■ **Given information**:
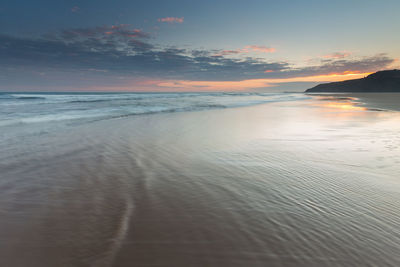 Scenic view of beach against sky during sunset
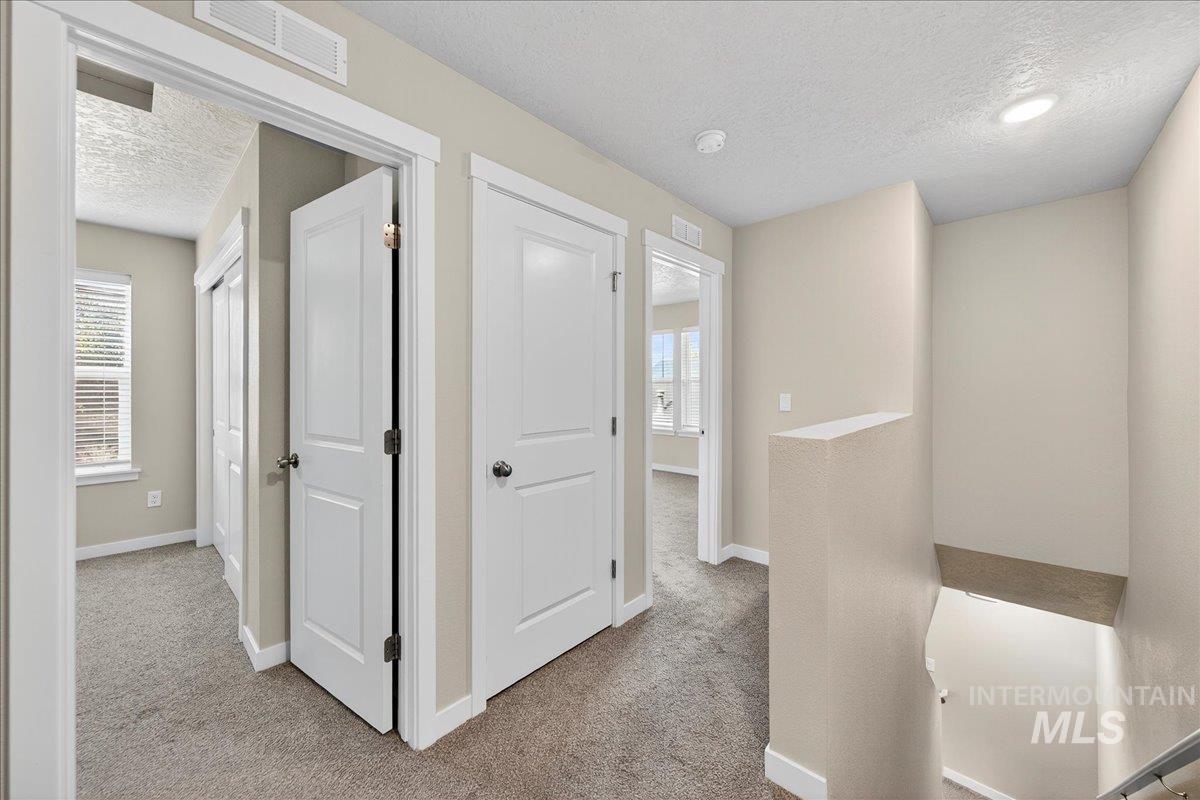 Corridor featuring a textured ceiling, light carpet, an upstairs landing, and healthy amount of natural light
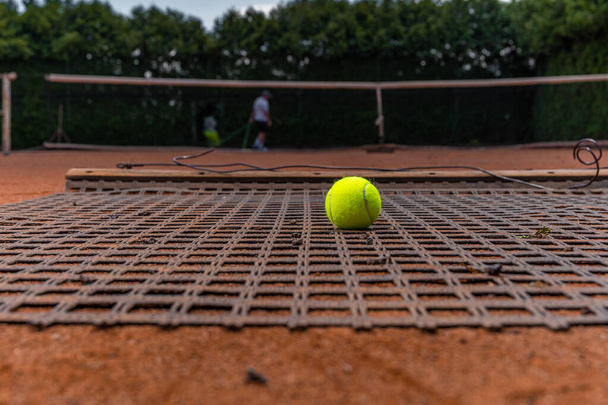 σκούπισμα πορτοκαλί πηλό σε ένα υπαίθριο γήπεδο τένις. - Φωτογραφία, εικόνα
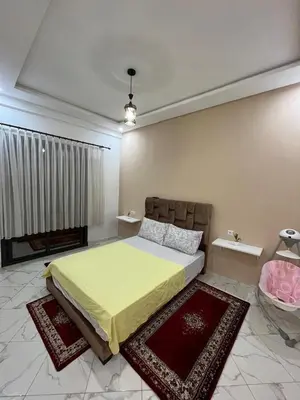 a bedroom with a bed and two rugs at Charming appartement next to the airport in Deroua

■ **Task instructions**: Repeat only the lines from the one with "σκούπισμα πορτοκαλί πηλό" through the end of the data, both included and exactly as written. Pictures stay out of the copy.

■ **Task answer**:
 σκούπισμα πορτοκαλί πηλό σε ένα υπαίθριο γήπεδο τένις. - Φωτογραφία, εικόνα
 a bedroom with a bed and two rugs at Charming appartement next to the airport in Deroua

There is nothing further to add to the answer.